[Provided material]:
- - -
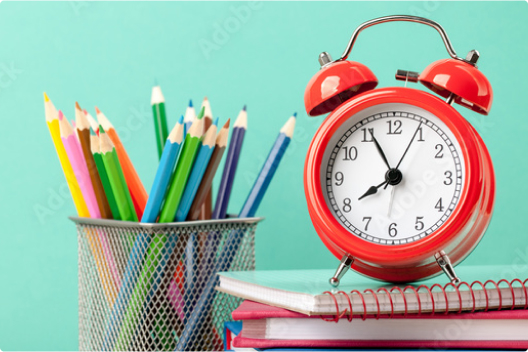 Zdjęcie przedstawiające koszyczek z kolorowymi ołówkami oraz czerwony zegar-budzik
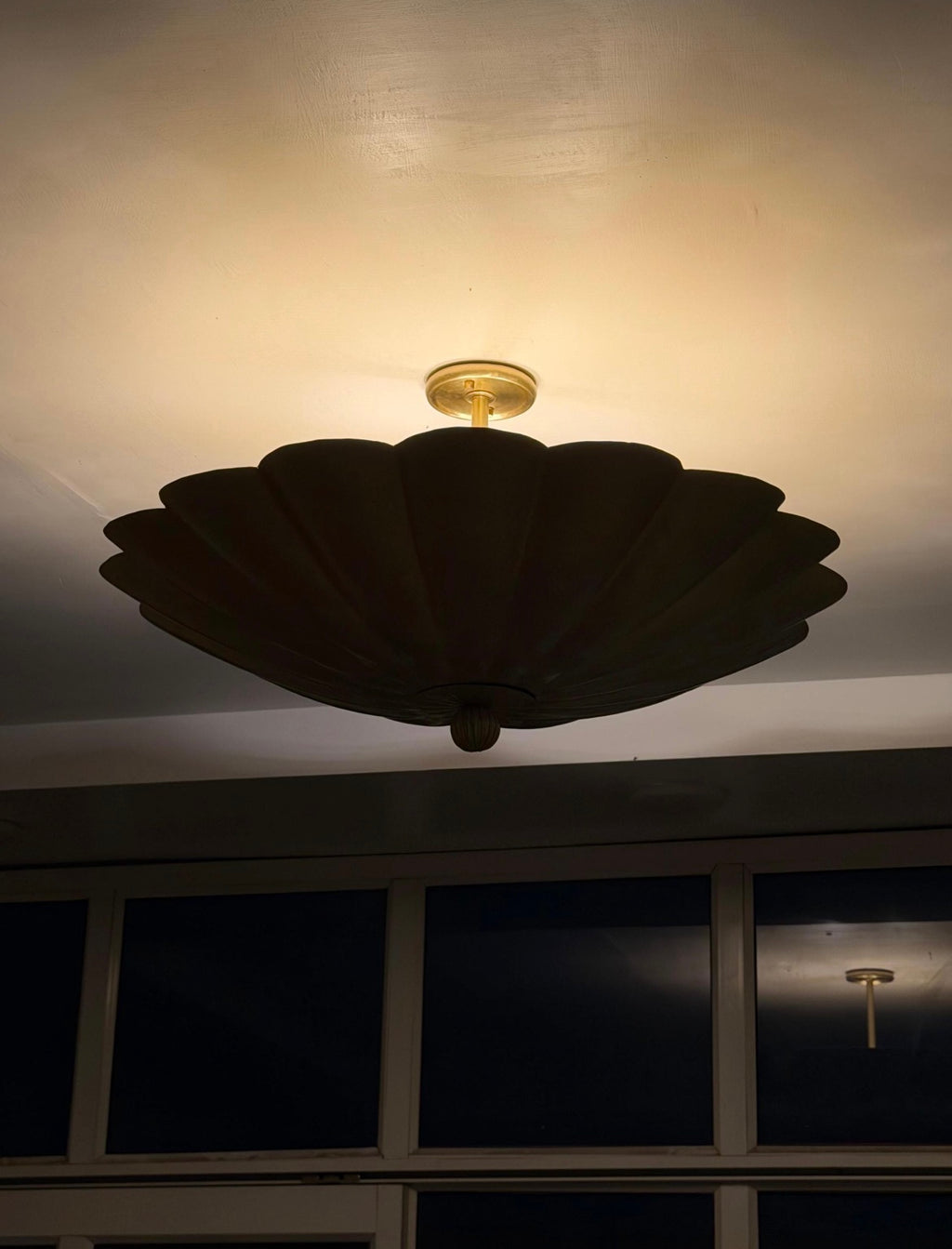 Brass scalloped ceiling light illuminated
- - -
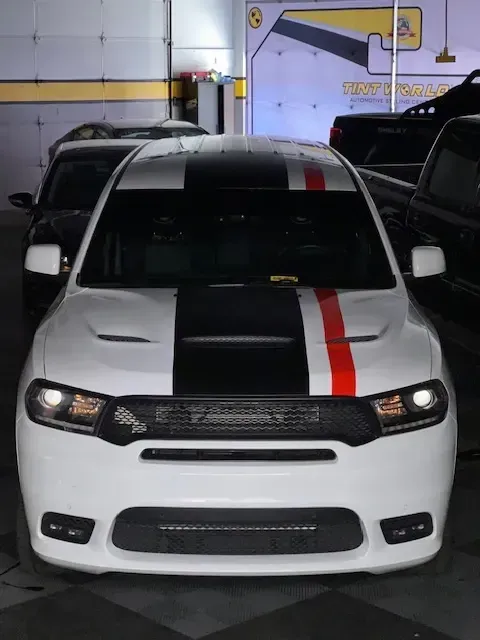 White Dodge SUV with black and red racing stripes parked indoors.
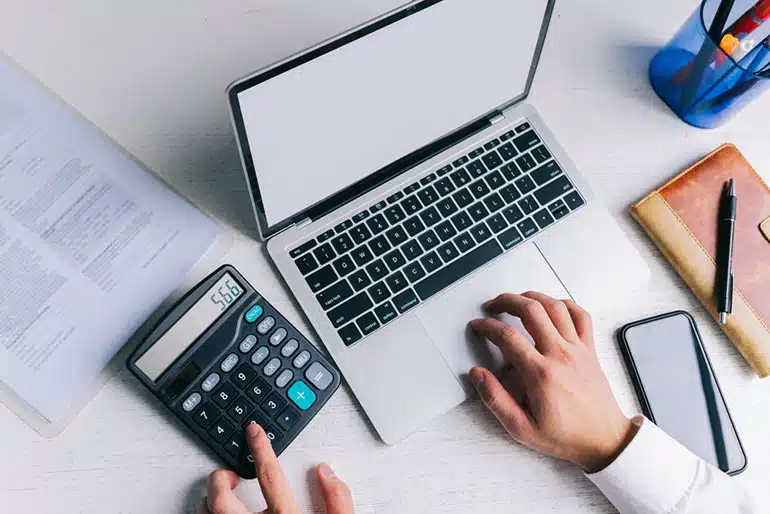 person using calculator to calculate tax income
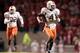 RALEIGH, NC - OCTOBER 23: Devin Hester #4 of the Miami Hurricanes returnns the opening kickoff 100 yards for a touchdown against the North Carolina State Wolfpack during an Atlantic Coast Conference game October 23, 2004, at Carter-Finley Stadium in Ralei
- - -
[Assignment]: Could you output exactly the lines above, from the line with "person using calculator" up to and including the line with "RALEIGH, NC - OCTOBER", and nothing else, skipping the pictures?

[Answer area]:
 person using calculator to calculate tax income
 RALEIGH, NC - OCTOBER 23: Devin Hester #4 of the Miami Hurricanes returnns the opening kickoff 100 yards for a touchdown against the North Carolina State Wolfpack during an Atlantic Coast Conference game October 23, 2004, at Carter-Finley Stadium in Ralei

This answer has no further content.